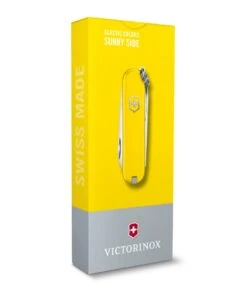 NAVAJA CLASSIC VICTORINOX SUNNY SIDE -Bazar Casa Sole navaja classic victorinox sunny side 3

---

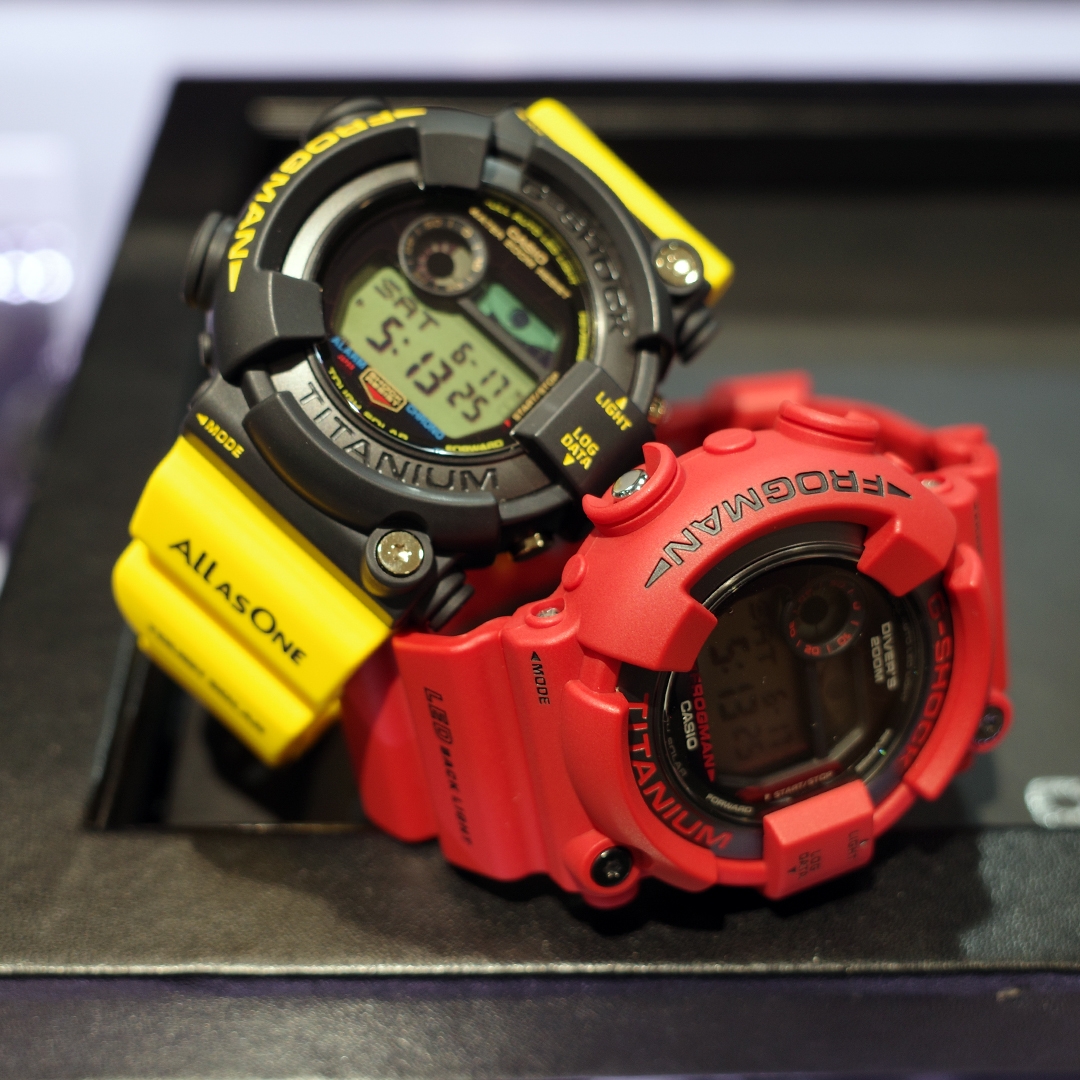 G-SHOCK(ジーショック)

...

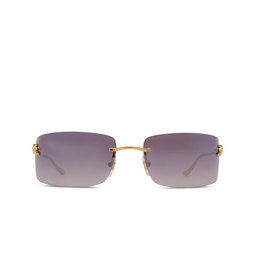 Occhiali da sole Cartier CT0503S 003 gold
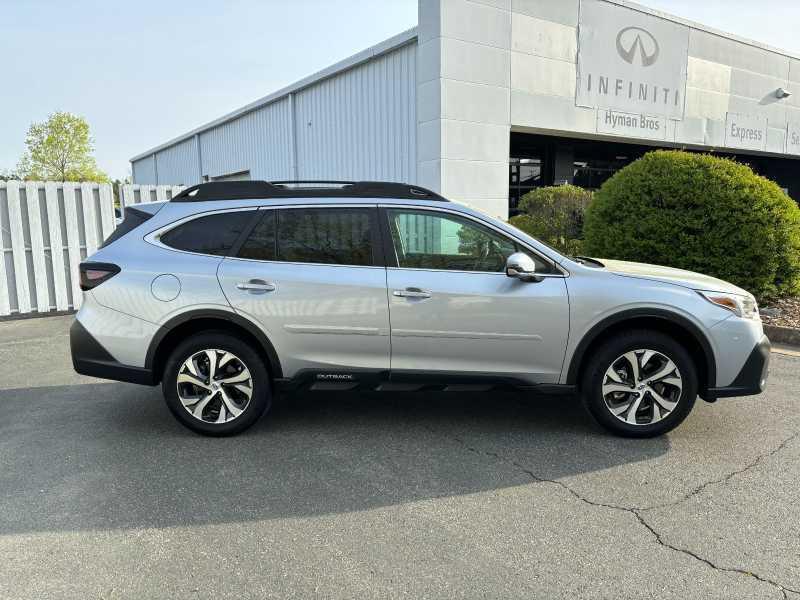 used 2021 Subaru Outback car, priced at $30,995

Exercise:
Within the material above, find the part that opens with the line containing "Occhiali da sole Cartier CT0503S 003 gold" and closes with the line containing "used 2021 Subaru", and reproduce it exactly without the pictures.

Problem solution:
 Occhiali da sole Cartier CT0503S 003 gold
 used 2021 Subaru Outback car, priced at $30,995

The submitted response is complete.